# Any thing good????



## Longtime married (Nov 28, 2012)

Is there anywhere post are made in this forum of positive experiences or is this just a place to get help for issues/ problems? 

I've only posted one time about the infrequent number of times we have sex.

So if you've had good experiences post them and maybe we all can learn for them.



I'll start, from time to time the wife will want me to take photos of her for new FB photos. And on several occasions she'll dress up sexy in various outfits she has, it usually winds up being a very enjoyable night. These photos are for our eyes only......


L


----------



## jaquen (Mar 1, 2012)

This section of the board exists for just such a purpose:

Long Term Success in Marriage

I warn you, it's not frequented nearly as often as other sections of the board. Positive talk about married life is definitely in the minority here.

When I want to get an exclusively positive marital talk going, I just start a thread about it. But typically those are the fastest dying thread I ever make.


----------



## waiwera (Sep 8, 2009)

Yep... if you want a dead thread make it a positive one about marriage! Sad ah?

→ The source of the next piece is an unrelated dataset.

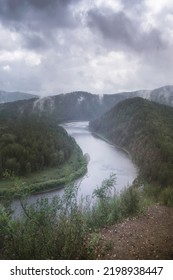 Foggy Morning In A Hilly Valley Landscape River, Atmospheric Mood, Vertical Photo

I think most come here because they have problem within the marriage or they just want to improve it but lots of us here are very happily married.

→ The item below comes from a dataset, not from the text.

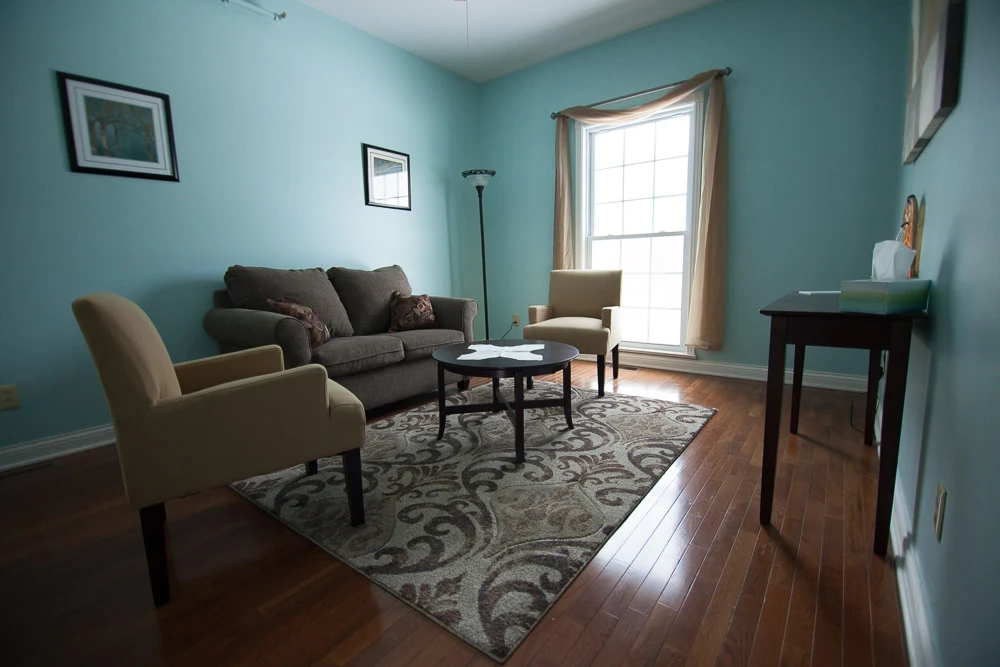 Comfortable group therapy room with seating and natural light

I love and adore my husband. He's handsome and strong and smart. He makes me laugh everyday and always has open arms to hug and hold me.

He's star!

Hows that for positive?


----------



## StargateFan (Nov 19, 2012)

Good news is not news.


----------



## east2west (Oct 19, 2012)

Yea my sex life and my marriage are pretty awesome.

But I don't take it for granted.

I come on here to learn from other people's mistakes.


----------